Using colour contrasts became the main principle of colourist painting. Through mutual relations and a certain closeness, the colour spots were supposed to change their value and lead to optical illusions and delusions. In an introduction to a catalogue of the first collective exhibition of the Kapists in 1931, Jan Cybis wrote: ‘By painting from nature, we want to create a canvas which would complement our painting experience in the face of nature. The aim is for it not to be a documentation of similarity, but a game of relations and artistic activities that nature guided us towards. All activities in nature must be transposed onto the conditions of the canvas (surface) and take on a meaning of their own. The colour on the canvas only exists by standing in contrast with other colours. A colour that has not derived from the assumed game, one that merely imitates the colour of nature - does not work in terms of painting. The more legitimate the colour, the fuller the form (Cézanne) and the closer to the artistic realization it will be' (Painting Exhibition of the Kapists, exhibition catalogue, Polski Klub Artystyczny "Polonia", December 1931").
On the one hand, the Kapists' painting was similar to the search undertaken by the Impressionists - their asemantic way of seeing the world which means nothing, is not symbolic, nor does it refer to another non-visual reality. The Kapists, like the Impressionists, were interested in ‘the laws governing the art of painting which the Impressionist era has discovered.' They were interested in colour, colour contrasts, and complementary colours. They knew the mechanisms behind ‘the colour game.' Nevertheless, just as Cybis underscored, all that knowledge was of not much use to the Impressionists, as well as to the Kapists. ‘In the end, you always paint by the seat of your pants.' (Jan Cybis, ‘Journals,' 1956, p. 38). The liens to impressionism were strictly intellectual, they did not concern painterly solutions. Later, Cybis clearly and definitely distanced himself from impressionism.
The Kapists' landscape compositions from the 1920s and 1930s have a common feature of emphasizing fortuity. Usually, the fragmentary frames were not restricted to a strictly defined motif. One often gets the feeling that the choice of the motif was random. Any fragment of nature could serve as an object of colour transformations. However, the Kapists' works were not about the fragmentation of the shot either. It was a demonstration of their artistic credo - they were solely interested in the painted subject. It was a form of rebellion against the domination of a given theme and the non-plastic meanings.

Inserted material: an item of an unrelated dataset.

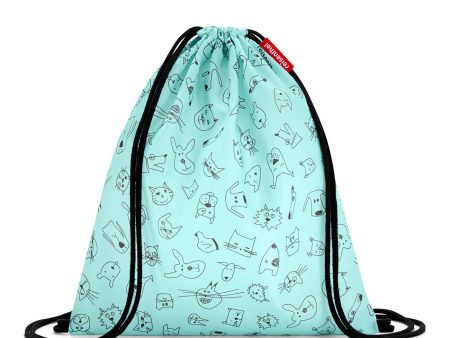 Reisenthel MySac Kids Cats & Dogs Mint Discount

The form itself was not a meaning carrier, it was within it that the sense and purpose of the painting were hidden - in that sense, the Kapists are like the Constructivists, who were on the opposite side of the spectrum. This was, however, only a starting point. With time, each artist began a search for their own route, their own interpretations of the initial joint explorations. In the paintings by Józef Czapski, colour was initially only a carrier of light. Heavy and saturated colours appeared quite promptly in his works, bringing an element of expressive tension and drama. Artur Nacht-Samborski, who never de facto rejected contours and value moulding, began his individual search equally quickly. A hint of German expressionism can also be detected in his painting - he eagerly chose anti-aesthetic solutions. A kind of game between colour and form often took place on his canvases. Zygmunt Waliszewski was also entirely different. In his infamous ‘Renaissance Feasts' (Polish: “Uczty Renesansowe") and ‘Venus' Toilet' (Polish: “Toaleta Wenus"), he combined the colour with the theme of the paintings in an unusual way. He was not afraid unlike his fellow artists from the Committee of Literature in Painting.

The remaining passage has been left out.